Commentators slated the idea that sensors could spot people up to no
good from their pulse rate, breathing, skin temperature, or fleeting
facial expressions. One likened it to the "pre-crime" units that
predict criminal behaviour in the movie Minority Report.

However, last week, the DHS science unit gave an update on the project,
now dubbed the less-hostile-sounding Future Attribute Screening
Technologies (FAST) programme. And, if DHS claims are to be believed,
the research appears to be getting somewhere. At an equestrian centre
in Maryland, 140 paid volunteers walked through a pair of trailers
kitted out with a battery of FAST sensors, including cameras, infrared
heat sensors and an eyesafe laser radar, called a Bio-Lidar, that
measures pulse and breathing rate from a distance.
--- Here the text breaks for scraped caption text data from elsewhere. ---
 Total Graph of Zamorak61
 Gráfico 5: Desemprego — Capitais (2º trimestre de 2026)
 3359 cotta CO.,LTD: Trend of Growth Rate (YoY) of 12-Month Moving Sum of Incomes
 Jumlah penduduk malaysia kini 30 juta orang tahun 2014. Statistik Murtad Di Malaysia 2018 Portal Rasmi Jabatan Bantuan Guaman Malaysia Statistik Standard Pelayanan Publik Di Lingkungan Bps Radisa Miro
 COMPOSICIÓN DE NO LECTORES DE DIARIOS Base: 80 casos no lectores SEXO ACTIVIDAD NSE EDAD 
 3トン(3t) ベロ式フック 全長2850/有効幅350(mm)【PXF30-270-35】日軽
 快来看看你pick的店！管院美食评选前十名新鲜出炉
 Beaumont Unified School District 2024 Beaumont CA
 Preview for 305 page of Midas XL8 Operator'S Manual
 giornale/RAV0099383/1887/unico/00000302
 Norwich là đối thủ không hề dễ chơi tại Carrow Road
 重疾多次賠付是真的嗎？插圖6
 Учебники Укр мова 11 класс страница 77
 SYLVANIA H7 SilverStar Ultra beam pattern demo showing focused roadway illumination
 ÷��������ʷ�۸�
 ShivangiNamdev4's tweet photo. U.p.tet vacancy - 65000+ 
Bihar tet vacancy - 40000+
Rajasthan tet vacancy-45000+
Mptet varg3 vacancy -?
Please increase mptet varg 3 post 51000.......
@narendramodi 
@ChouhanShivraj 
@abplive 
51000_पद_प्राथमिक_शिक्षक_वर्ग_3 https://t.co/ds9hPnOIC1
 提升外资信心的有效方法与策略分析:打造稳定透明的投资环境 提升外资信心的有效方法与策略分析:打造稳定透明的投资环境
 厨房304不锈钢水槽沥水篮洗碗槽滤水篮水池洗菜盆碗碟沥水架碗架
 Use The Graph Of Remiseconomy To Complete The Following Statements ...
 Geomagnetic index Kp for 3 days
Some subjects were told to act shifty, be evasive, deceptive and
hostile. And many were detected. "We're still very early on in this
research, but it is looking very promising," says DHS science spokesman
John Verrico. "We are running at about 78% accuracy on mal-intent
detection, and 80% on deception."

That sounds incredibly high at such an early stage in the research -
but only tests on vast quantities of real people, rather than eager
volunteers, will present any real test.

Questions remain, however, as to how secure the system is. The machines
could reveal health conditions like heart murmurs and breathing
problems as well as stress levels - which would be an invasion of
privacy.

But Verrico says FAST has been through stringent privacy controls (pdf)
and that the data is never matched to a name. It is only used to make
decisions about whether to question someone, and then discarded.

The trial technology was installed in a trailer because it is planned
to be easily transportable, so that FAST trucks can appear at any
sports or music event as required. They look set to become as regular a
sight at such events as mobile toilets and catering trucks.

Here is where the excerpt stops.